WORK REQUEST: The records that follow are to be repeated exactly, without any pictures.

DATA RECORDS:
· · · ·
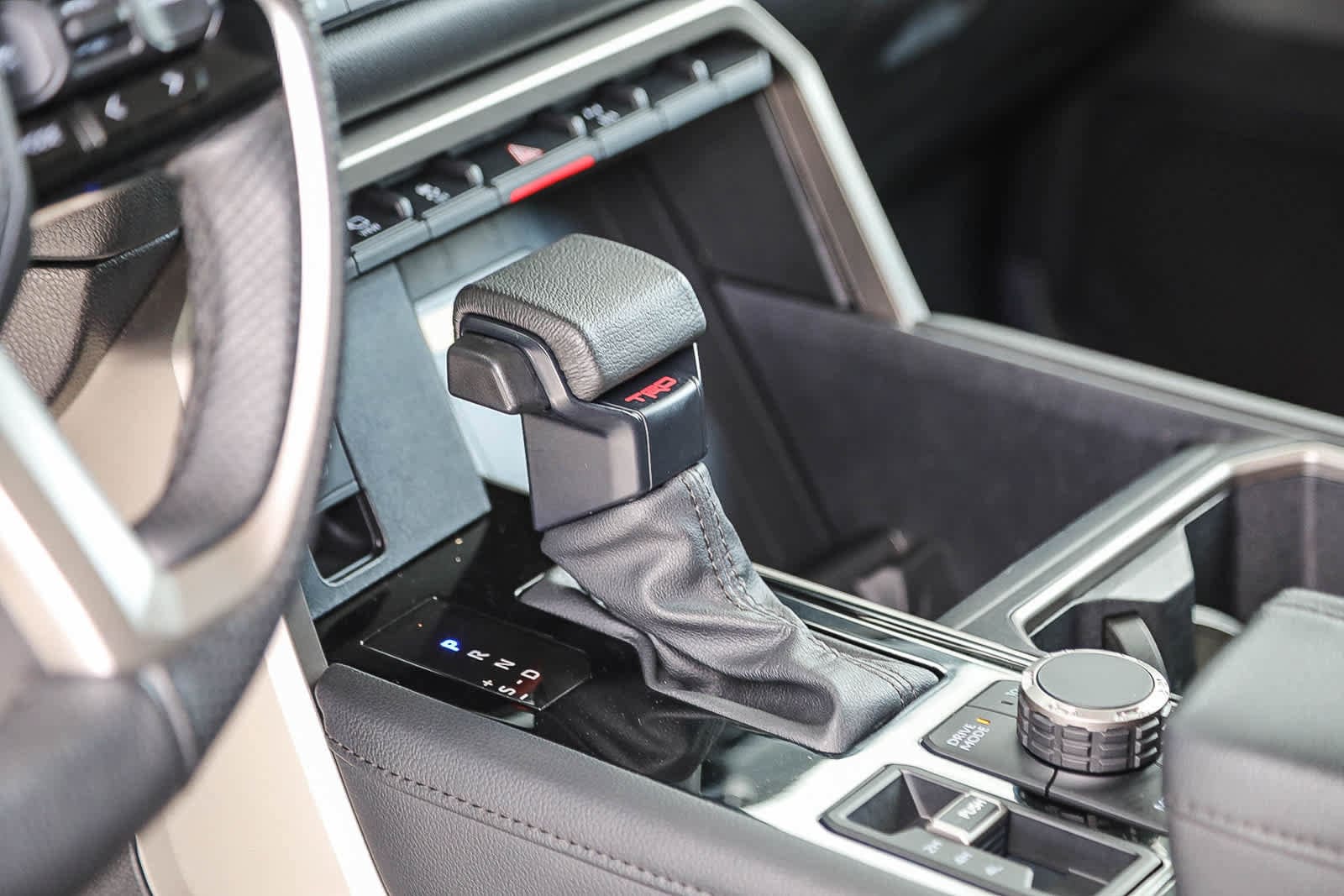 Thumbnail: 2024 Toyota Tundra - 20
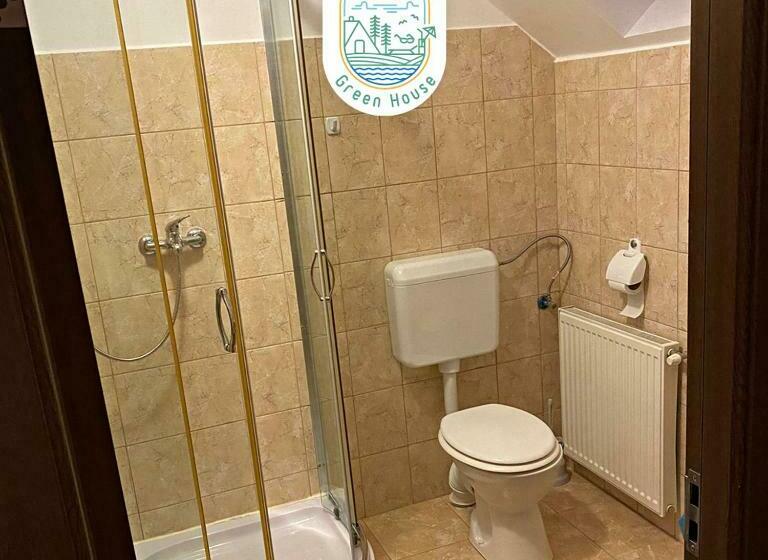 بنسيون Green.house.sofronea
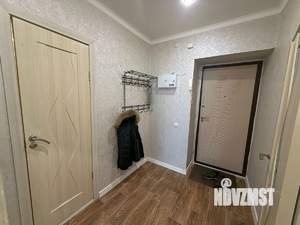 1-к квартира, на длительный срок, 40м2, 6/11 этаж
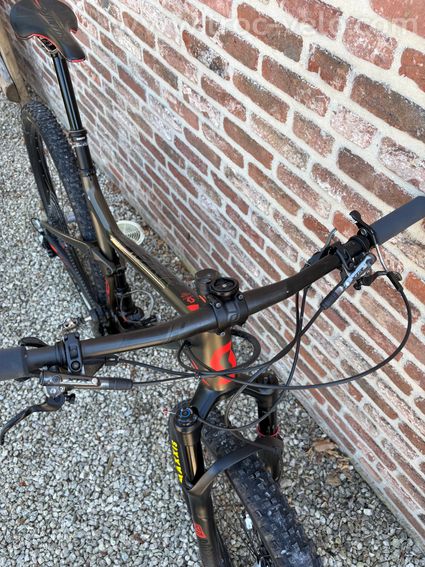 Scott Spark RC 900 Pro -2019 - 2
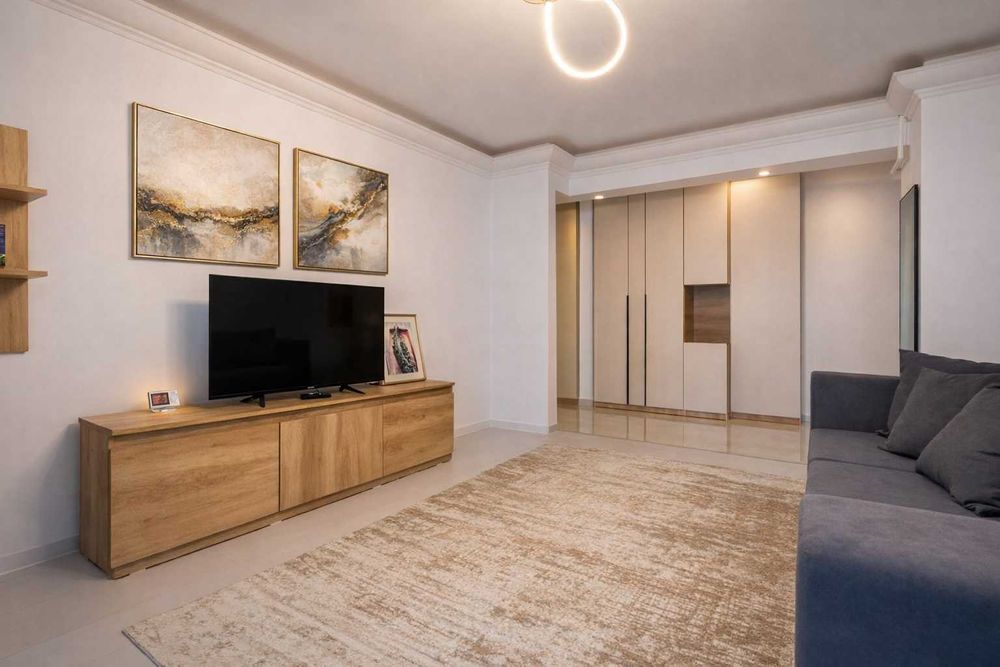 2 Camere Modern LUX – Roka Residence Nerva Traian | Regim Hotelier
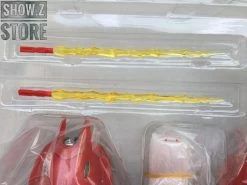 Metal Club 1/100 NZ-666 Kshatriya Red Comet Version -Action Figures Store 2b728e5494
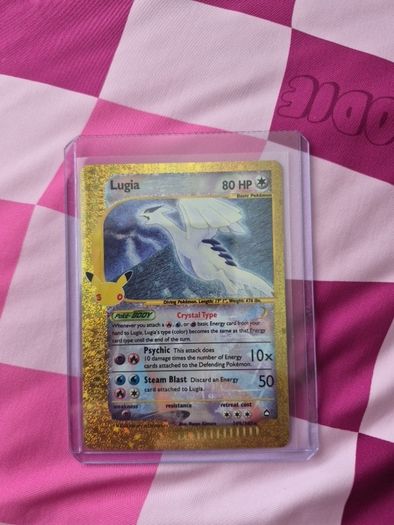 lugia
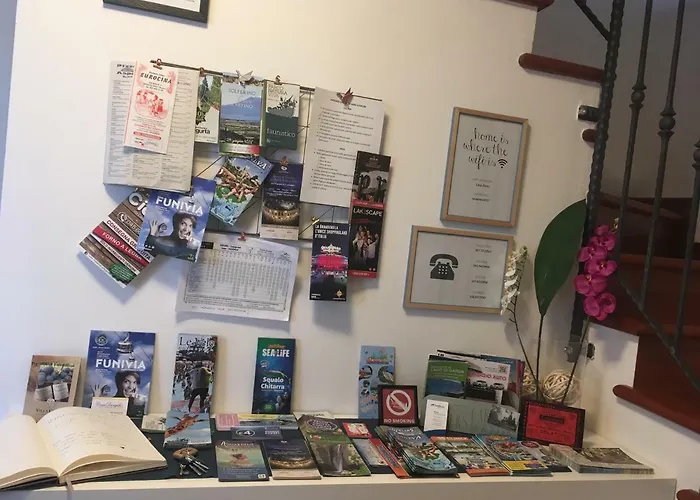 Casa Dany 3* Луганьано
· · · ·
EXERCISE RESULT:
 Thumbnail: 2024 Toyota Tundra - 20
 بنسيون Green.house.sofronea
 1-к квартира, на длительный срок, 40м2, 6/11 этаж
 Scott Spark RC 900 Pro -2019 - 2
 2 Camere Modern LUX – Roka Residence Nerva Traian | Regim Hotelier
 Metal Club 1/100 NZ-666 Kshatriya Red Comet Version -Action Figures Store 2b728e5494
 lugia
 Casa Dany 3* Луганьано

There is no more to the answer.